Another regional replication is S3 two-way cross-region replication. This enables you to replicate any documents added to an S3 bucket across region. If this is enabled, a document could be added in either region and be made available to the other region.
Replication for S3 documents incurs additional costs for storage, replication PUT requests, and data transfer out. If our application consumed 1 million documents for a total capacity of 5TB, then the additional replication costs would be:
5000 x $.023 (GB-month storage) + 1000 x $.005 (PUT request per 1000 requests) + 5000 x $.09 (GB data transfer out) = $615
Again, not a significant amount of additional cost when you’re talking about virtually eliminating your downtime in the event of a regional outage.
Fully replicated serverless application (simplified)
Idealistically, that would be all for your additional costs to have a multi-region failover.
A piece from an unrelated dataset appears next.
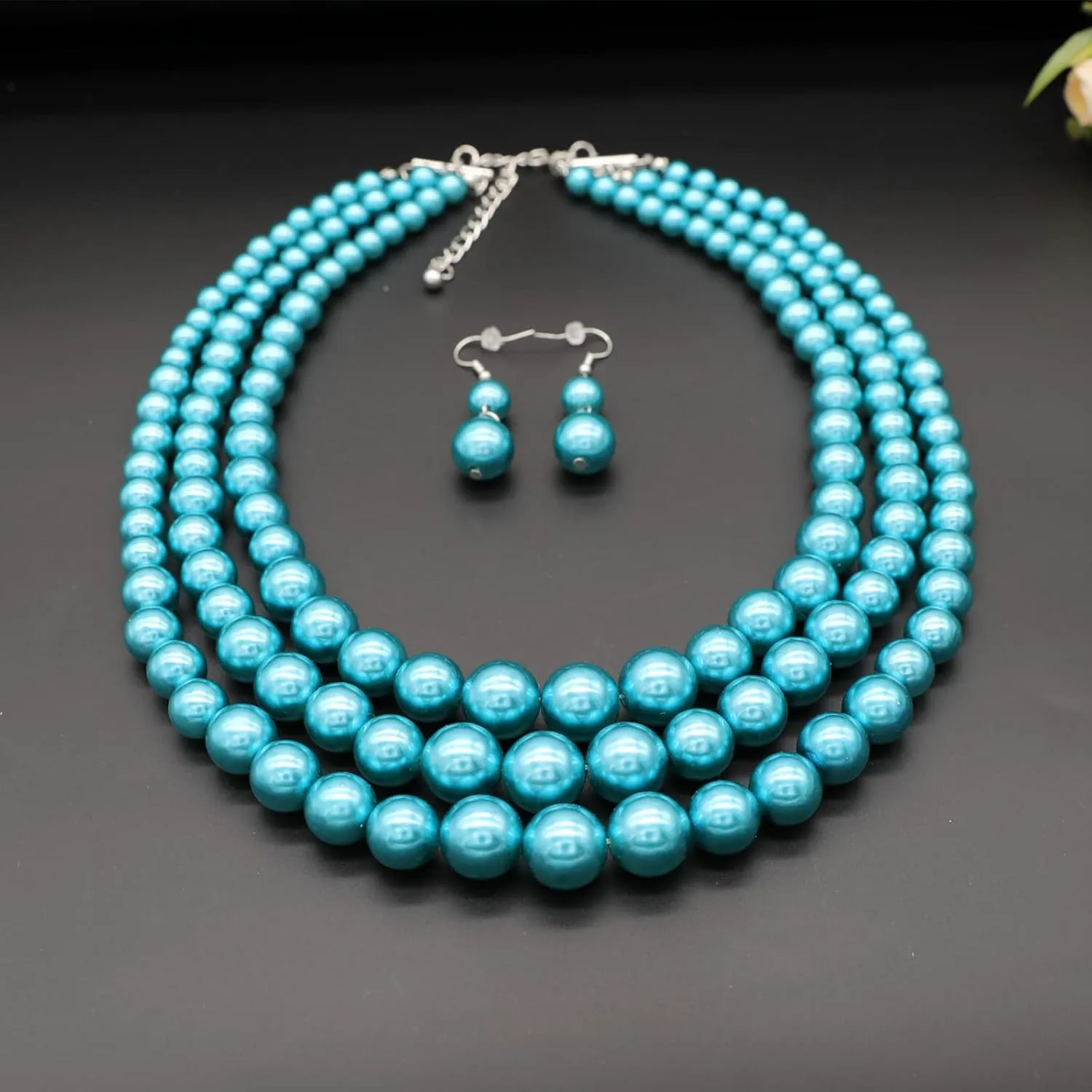 We We Three Layers Faux Pearl Necklace for Women Multi strand Pearl Necklace Earrings Set 1920s Pearl Costume Jewelry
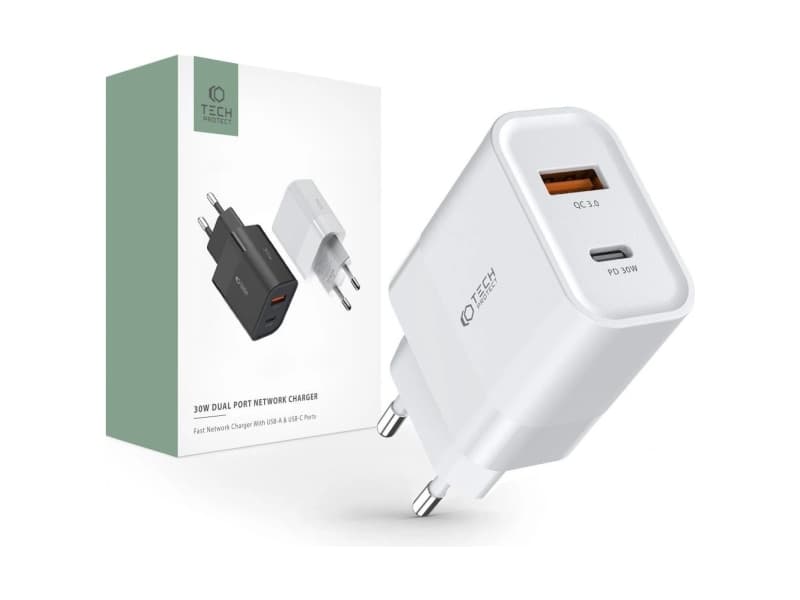 Tech-Protect C30W nätverksladdare PD 30W QC 3.0 2-port vit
Pragmatically, these likely aren’t the only additional costs you will encounter.
Chances are your application runs some sort provisioned resource. Be it some EC2 instance to run batch jobs or OpenSearch for advanced searching capabilities, there are few applications out there that are 100% serverless. To run an active-active failover, you must have these provisioned resources on and running in both regions. Which means your provisioned costs will double.
With EC2 you could run an active-passive strategy that requires you to spin up your instances on demand. But with OpenSearch, domains cannot be turned off. So you would need to run it active. This can result in some costly AWS bills.
Determining if a cross-region failover strategy is worth it results in the most common answer you see in software development: it depends.
Do you have a mission-critical workload that cannot be interrupted or an SLA with a 99.999% uptime requirement? You might need a cross-region failover. Availability can be a significant driver in your decision to pursue your own failover mechanism outside of what serverless provides built-in.
In the extremely rare event that AWS has a region-wide outage that affects your application, do you think you can run the failover playbook to shift to the other region by the time AWS fixes the outage? Is it worth the risk?
With serverless, you already have extremely high availability and very low RPO with your data. That’s one of the benefits of going with the architecture. But you have to consider all the components in your system. Chances are you have some other resources that might be affected as well that are not serverless. What do you do with them?
In the AWS Well-Architected Framework, disaster recovery has its own section in the Reliability Pillar. It talks about many of the things we’ve talked about today.
However, in the Serverless lens of the Well-Architected Framework, it focuses much more on recovering from misconfigurations and transient network issues. It also recommends using Step Functions to provide ways to automatically retry failures and observe your system. In some cases, using Step Functions is also a cost saver over Lambda.
Reading between the lines, this could mean that traditional disaster recovery might not be as important as years past. That is part of the reason we went with serverless, after all.
You should always plan for when something goes wrong. In some cases, wait it out might be a perfectly viable plan. If there is no way you can failover or recover in the time it would take your cloud vendor to recover, then you might be wasting your time.
For some workloads, you don’t have that luxury. Implementing measures to do cross-region replication like DynamoDB global tables and S3 cross-region replication are a must because of your availability needs.
If your application runs mostly serverless, it’s probably worth the extra few dollars a month to increase your reliability. If you have a hefty workload on provisioned services like OpenSearch or EC2, you might want to weigh your options for cross-region.
You already have multi-availability zone redundancy with serverless. You are covered in many use cases. But it’s always a good practice to play the “what if” game and make sure you know what to do.